# POC Tournament Update



## Scott (May 24, 2004)

Tournament is still on this weekend, despite weather forecast. Hoping for some delay in the front's arrival.
*
FRIDAY - anybody who is fishing, we'll be out there with PAT and SPOT tags. So if anybody can pre-fish the tournament on Friday, please keep in touch on Channel 72 or via my cell phone - the number is in the tournament rules off the website.*

Right now, should have about four boats out Friday fishing.


----------



## Scott (May 24, 2004)

Tonight's forecast is not great but not too bad either for the area just outside the pass.

Friday: Variable winds less than 5 kt becoming ENE 5 to 9 kt in the morning. Isolated showers and thunderstorms. Seas around 1 ft. .

Friday Night: ENE wind 10 to 12 kt. Mostly clear. Seas around 1 ft. .

Saturday: NE wind 12 to 15 kt. Sunny. Seas around 2 ft. .

Saturday Night: ESE wind 10 to 13 kt. Clear. Seas around 2 ft. .

Sunday: E wind 10 to 12 kt. Sunny. Seas around 2 ft. .


----------



## Tarponchaser (May 25, 2005)

*Chamber of Commerence*

I hope your forecast is correct and not from the Chamber of Commerce. MY marine forecast says 5 - 6 on Saturday and Sunday 4-5's on Sunday.



Scott said:


> Tonight's forecast is not great but not too bad either for the area just outside the pass.
> 
> Friday: Variable winds less than 5 kt becoming ENE 5 to 9 kt in the morning. Isolated showers and thunderstorms. Seas around 1 ft. .
> 
> ...


----------



## Scott (May 24, 2004)

Tarponchaser said:


> I hope your forecast is correct and not from the Chamber of Commerce. MY marine forecast says 5 - 6 on Saturday and Sunday 4-5's on Sunday.


That is likely the highest in the forecast area - but not in the tarpon area. The one I posted is for 35 feet of water right in front of the pass. Pinpoint forecast.

Forecast this a.m. ain't great but ain't horrible either and is a little better than yesterdays....

Friday: Variable winds less than 5 kt becoming N 5 to 7 kt in the morning.
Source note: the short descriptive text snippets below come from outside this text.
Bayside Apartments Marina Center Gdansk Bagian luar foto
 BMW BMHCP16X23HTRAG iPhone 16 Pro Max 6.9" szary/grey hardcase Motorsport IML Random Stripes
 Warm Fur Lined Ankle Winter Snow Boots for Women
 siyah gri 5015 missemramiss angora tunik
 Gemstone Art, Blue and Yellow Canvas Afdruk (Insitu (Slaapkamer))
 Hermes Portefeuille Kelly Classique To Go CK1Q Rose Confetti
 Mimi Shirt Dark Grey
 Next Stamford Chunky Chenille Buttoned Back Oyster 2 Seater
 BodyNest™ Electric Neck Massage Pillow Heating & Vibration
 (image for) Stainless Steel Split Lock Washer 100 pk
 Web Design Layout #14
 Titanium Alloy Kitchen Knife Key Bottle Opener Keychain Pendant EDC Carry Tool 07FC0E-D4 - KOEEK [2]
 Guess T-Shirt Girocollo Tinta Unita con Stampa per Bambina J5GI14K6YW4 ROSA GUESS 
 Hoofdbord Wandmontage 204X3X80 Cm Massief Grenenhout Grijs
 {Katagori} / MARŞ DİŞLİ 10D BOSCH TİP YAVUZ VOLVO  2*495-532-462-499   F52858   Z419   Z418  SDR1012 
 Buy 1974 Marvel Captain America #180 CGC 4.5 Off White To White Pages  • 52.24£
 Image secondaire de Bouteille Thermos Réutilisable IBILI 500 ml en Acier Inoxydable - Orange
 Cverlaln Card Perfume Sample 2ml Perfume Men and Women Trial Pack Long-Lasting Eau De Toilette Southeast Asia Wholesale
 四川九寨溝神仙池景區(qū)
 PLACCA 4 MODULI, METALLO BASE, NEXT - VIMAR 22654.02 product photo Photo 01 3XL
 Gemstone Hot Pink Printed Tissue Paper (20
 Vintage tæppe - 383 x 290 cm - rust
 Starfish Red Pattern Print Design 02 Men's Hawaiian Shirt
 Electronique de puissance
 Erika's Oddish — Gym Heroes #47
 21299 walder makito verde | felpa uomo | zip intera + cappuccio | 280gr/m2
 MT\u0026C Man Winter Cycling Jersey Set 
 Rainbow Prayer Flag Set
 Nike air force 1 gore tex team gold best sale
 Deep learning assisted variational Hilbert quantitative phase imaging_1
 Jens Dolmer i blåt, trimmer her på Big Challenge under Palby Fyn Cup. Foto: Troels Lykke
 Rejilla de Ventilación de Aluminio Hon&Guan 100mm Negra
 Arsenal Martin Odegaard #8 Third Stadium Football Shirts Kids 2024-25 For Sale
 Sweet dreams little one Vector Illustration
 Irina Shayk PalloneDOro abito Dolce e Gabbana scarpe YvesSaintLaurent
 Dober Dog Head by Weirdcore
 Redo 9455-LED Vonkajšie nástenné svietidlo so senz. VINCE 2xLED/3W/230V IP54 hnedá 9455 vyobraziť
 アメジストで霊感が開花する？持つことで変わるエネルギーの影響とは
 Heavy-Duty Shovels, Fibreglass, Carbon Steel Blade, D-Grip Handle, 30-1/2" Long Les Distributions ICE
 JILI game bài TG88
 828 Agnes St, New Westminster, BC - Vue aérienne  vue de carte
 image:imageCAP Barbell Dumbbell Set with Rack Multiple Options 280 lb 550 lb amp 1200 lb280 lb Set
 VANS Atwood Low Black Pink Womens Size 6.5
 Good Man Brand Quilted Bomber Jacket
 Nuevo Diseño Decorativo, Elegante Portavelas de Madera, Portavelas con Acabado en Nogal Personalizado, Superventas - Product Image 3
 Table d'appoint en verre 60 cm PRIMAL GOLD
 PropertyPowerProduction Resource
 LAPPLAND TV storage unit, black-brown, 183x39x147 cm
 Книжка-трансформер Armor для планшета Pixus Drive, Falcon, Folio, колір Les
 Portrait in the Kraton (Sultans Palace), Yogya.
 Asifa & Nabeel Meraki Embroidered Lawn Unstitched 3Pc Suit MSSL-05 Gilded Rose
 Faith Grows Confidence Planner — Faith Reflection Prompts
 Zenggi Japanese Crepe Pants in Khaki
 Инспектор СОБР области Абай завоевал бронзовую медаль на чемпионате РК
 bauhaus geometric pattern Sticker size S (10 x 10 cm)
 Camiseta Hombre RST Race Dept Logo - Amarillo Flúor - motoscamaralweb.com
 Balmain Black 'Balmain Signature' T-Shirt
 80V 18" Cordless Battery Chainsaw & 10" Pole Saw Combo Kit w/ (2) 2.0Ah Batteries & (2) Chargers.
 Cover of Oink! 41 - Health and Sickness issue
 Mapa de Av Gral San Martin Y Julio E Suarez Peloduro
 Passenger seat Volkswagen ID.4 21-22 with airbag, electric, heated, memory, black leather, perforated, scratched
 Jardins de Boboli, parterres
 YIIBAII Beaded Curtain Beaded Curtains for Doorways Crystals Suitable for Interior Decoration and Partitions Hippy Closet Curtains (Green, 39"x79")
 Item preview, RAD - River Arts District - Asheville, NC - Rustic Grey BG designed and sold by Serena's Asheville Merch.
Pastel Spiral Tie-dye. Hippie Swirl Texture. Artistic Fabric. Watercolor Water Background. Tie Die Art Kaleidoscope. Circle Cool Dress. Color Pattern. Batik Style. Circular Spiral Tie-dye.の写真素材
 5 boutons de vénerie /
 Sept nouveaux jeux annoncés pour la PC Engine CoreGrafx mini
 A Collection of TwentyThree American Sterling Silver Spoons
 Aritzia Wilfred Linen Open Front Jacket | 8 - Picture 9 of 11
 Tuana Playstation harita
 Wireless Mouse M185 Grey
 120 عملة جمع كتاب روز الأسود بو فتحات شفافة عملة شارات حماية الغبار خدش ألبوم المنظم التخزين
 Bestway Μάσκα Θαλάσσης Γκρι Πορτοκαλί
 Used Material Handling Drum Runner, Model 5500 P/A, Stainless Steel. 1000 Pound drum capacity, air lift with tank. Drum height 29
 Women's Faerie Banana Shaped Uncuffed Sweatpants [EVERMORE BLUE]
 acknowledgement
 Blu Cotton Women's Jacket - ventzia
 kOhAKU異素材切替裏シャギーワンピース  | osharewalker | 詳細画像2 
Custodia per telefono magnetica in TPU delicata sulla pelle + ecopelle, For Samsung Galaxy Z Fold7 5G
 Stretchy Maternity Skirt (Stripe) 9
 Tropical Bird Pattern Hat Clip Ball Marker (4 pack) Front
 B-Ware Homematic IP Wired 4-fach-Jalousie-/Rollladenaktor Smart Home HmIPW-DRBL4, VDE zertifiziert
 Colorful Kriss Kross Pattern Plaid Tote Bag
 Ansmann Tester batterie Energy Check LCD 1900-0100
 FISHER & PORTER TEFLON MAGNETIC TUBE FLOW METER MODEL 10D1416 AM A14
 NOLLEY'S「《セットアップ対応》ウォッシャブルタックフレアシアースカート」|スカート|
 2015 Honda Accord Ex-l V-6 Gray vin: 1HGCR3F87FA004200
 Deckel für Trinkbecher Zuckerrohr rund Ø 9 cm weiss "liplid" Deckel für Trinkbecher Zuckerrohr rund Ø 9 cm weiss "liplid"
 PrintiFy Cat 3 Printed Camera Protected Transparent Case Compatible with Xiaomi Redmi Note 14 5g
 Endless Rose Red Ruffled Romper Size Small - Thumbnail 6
A slight chance of showers and thunderstorms. Seas around 1 ft. .

Friday Night: NE wind 5 to 13 kt. Partly cloudy. Seas 1 to 2 ft. .

Saturday: NE wind 10 to 14 kt. Sunny. Seas around 2 ft. .

Saturday Night: ENE wind around 10 kt. Mostly clear. Seas around 2 ft. .

Sunday: E wind 10 to 12 kt. Sunny. Seas around 2 ft. .


----------



## Animal Chris (May 21, 2004)

Sounds like a good weekend to set up inside J Hook. See you at the Junction!


----------



## marc (May 21, 2004)

Forcast for West Matagorda Bay... I would think that if the bays is smooth, then the near shore should be nice. 


Saturday--Northeast winds 10 to 15 knots decreasing to 5 to 10 knots in the afternoon. Bay waters slightly choppy decreasing to smooth. 

Saturday Night--Northeast winds 5 to 10 knots. Bay waters smooth. 

Sunday Through Monday Night--East winds 5 to 10 knots. Bay waters smooth.


----------



## Trouthappy (Jun 12, 2008)

There should be some stray bigger tarpon between the jetties. In the bay. In Saluria, even. It's not like Galveston fishing where wind can ruin it.


----------